* _Instructions to follow_:
Return the data below exactly, please, but drop the pictures.

* _Recorded data_:
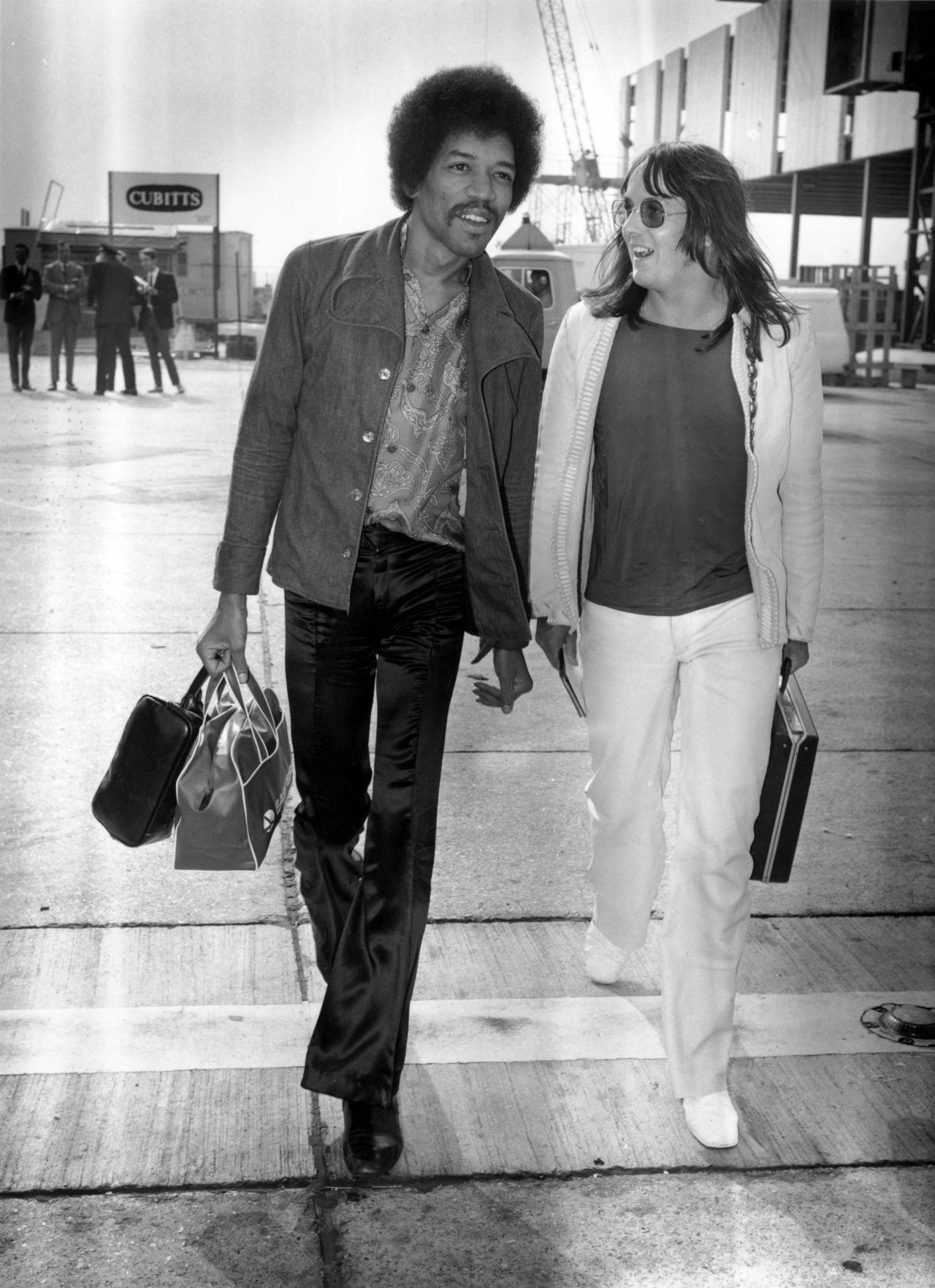 Here, Hendrix walks through the London Airport with Eric Barrett on September 2, 1970, 16 days before he died at the age of 27. His talent and contributions to both music and style have lived on, however, and musician Andre 3000 is lined up to portray Hendrix in a 2013 biopic, <a href="http://www.imdb.com/title/tt2402085/" target="_blank" target="_blank">"All Is By My Side."</a>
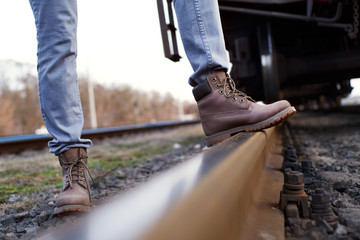 Girl in boots walks through the railroad tracks in autumn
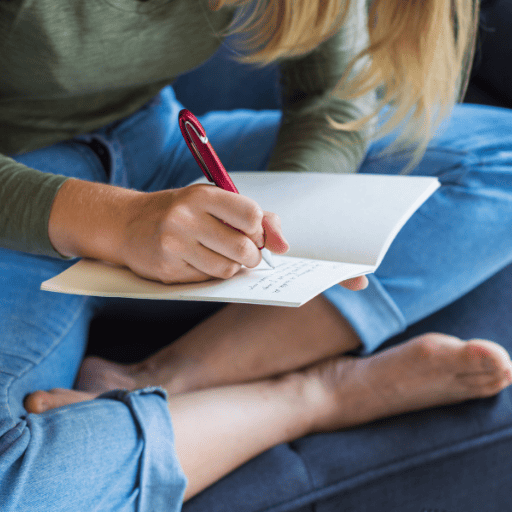 Woman wearing a green long sleeve shirt and a pair of blue jeans that are rolled at the end. She is sitting crossed legged on a blue couch writing in a journal with a red pen.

* _Task result_:
 Here, Hendrix walks through the London Airport with Eric Barrett on September 2, 1970, 16 days before he died at the age of 27. His talent and contributions to both music and style have lived on, however, and musician Andre 3000 is lined up to portray Hendrix in a 2013 biopic, <a href="http://www.imdb.com/title/tt2402085/" target="_blank" target="_blank">"All Is By My Side."</a>
 Girl in boots walks through the railroad tracks in autumn
 Woman wearing a green long sleeve shirt and a pair of blue jeans that are rolled at the end. She is sitting crossed legged on a blue couch writing in a journal with a red pen.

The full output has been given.